Jour de grâce


Le mercredi 26 février 2020, Yves DUTEIL était reçu par Gabriel RINGLET au Prieuré de Malèves-Sainte-Marie en Belgique.

En France et dans tous les pays qui parlent « La langue de chez nous », chacun connaît l'auteur, compositeur et interprète, Yves Duteil. Mais qui, au-delà de son public, connaît vraiment sa « Profondeur de chant », pour reprendre le titre du livre qu'Yves DUTEIL a écrit avec Alain WODRASCKA.

En Belgique, Gabriel Ringlet est un prêtre, écrivain, poète, ancien vice-recteur de l'Université Catholique de Louvain, personnalité exceptionnelle par son rayonnement, son esprit de tolérance, son ouverture sur le monde croyant ou non-croyant, auteur notamment d'un ouvrage intitulé « Eloge de la fragilité » côtoyant un autre livre, « Et je serai pour vous un enfant laboureur », dont le titre est inspiré d'une chanson de BARBARA et François WERTHEIMER.

En ce mercredi des Cendres, premier jour du Carême, comme me l'avaient expliqué mes amis belges, André et Jeannine — en toute spiritualité laïque, puisque Jeannine et André sont athées — Yves DUTEIL était l'invité d'une Rencontre sur le thème PRENDRE SOIN de nos naissances et de nos morts.

Cette longue introduction de ma part ne doit pas décourager la lecture de cette journée qui a été marquante par sa beauté, son intensité et sa spiritualité.

En première partie, la Rencontre de 17h se présentait comme un entretien, pendant lequel Gabriel Ringlet interrogeait Yves Duteil, l'amenait à présenter le pourquoi, le comment, la naissance de chansons qui traçaient un chemin, dont le fil conducteur était ce « Prendre soin... », dont le fil vibrant était la bienveillance, l'engagement, le pouvoir des mots, la force de l'Amour face à la fragilité par moments de nos vies.

Si je ne devais retenir qu'un élément essentiel de cette première partie, ce serait la force de l'Amour qui unit Yves et Noëlle Duteil et qui a donné des Ailes à l'auteur et musicien Yves, disant d'Elle que lorsque Noëlle est entrée dans sa vie, « elle a allumé la lumière ».

Lumière ... Le mot est dit.
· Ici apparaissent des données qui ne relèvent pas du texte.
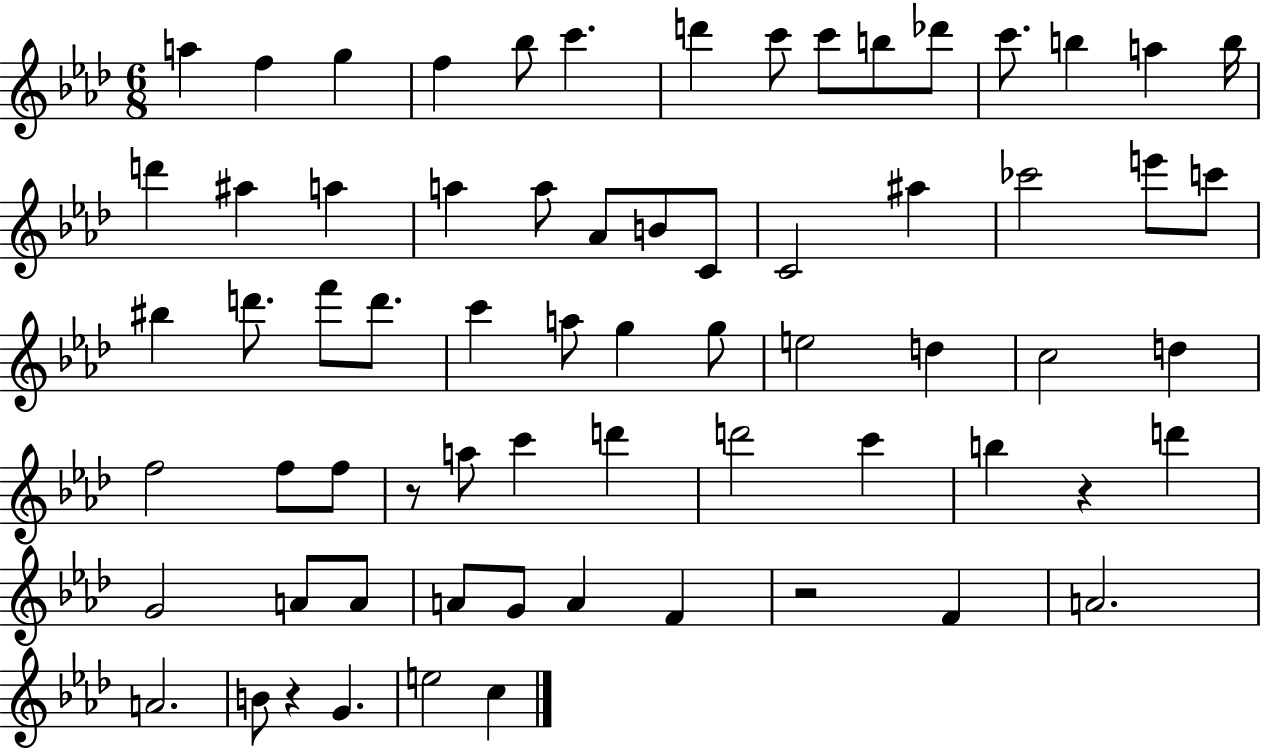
A5/q F5/q G5/q F5/q Bb5/e C6/q. D6/q C6/e C6/e B5/e Db6/e C6/e. B5/q A5/q B5/s D6/q A#5/q A5/q A5/q A5/e Ab4/e B4/e C4/e C4/h A#5/q CES6/h E6/e C6/e BIS5/q D6/e. F6/e D6/e. C6/q A5/e G5/q G5/e E5/h D5/q C5/h D5/q F5/h F5/e F5/e R/e A5/e C6/q D6/q D6/h C6/q B5/q R/q D6/q G4/h A4/e A4/e A4/e G4/e A4/q F4/q R/h F4/q A4/h. A4/h. B4/e R/q G4/q. E5/h C5/q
Ouvrant comme une évidence sur la seconde partie, la célébration de 20h.

Avant d'avancer, si je puis dire, je tiens à noter, comme les cailloux du Petit Poucet, les chansons et textes sur le chemin de la première partie.

En ouverture, il y eut « La langue de chez nous ». Puis « Si j'étais ton chemin », dédiée à Toussaint, le petit-fils d'Yves et Noëlle.

La comédienne et récitante Sylvie Rigot a lu « Une lettre à Renaud » extraite du livre « Les choses qu'on ne dit pas » d'Yves Duteil aux Editions L'Archipel (2000).

Les Muz' and Friends, « poignée de femmes et d'hommes passionnés de musiques et d'accords », je cite le livret de la Rencontre, ont ensuite interprété la chanson de RENAUD intitulée « Les mots », où j'ai souri de joie intérieurement en écoutant ces mots : « Les poèmes d'un Léautaud / Ceux d'un Brassens, d'un NOUGARO / La plume d'un Victor Hugo / Eclairent ma vie comme un flambeau. »

Après quoi, Gabriel Ringlet a demandé à Yves Duteil de présenter la chanson « Dreyfus », qu'Yves a écrite en mémoire de son grand-oncle, le Capitaine DREYFUS.

Yves Duteil a expliqué les lectures choisies, sélectionnées pour leur justesse, qui ont précédé l'écriture du texte de la chanson, puis une fois l'écriture du texte achevée, la lecture de celui-ci devant la famille réunie qui a validé le texte, comme on donne un accord solennel, une acceptation pesée, pensée, posée pour un texte fondamental.

« Dreyfus » est une chanson vibrante et juste.

La transition va de soi vers « La chanson des Justes ». Yves Duteil a parlé du mot « juste », des mots justes, de la justice, du mot « juste » dans ses acceptions multiples, jusqu'à l'expression « juste ce qu'il faut ».

Ayant perdu une partie de sa famille dans les camps, Yves Duteil a écrit avec pudeur et justesse « La chanson des Justes ». En moi, le lien se fait aussitôt avec la chanson de Jean FERRAT « Nuit et brouillard ».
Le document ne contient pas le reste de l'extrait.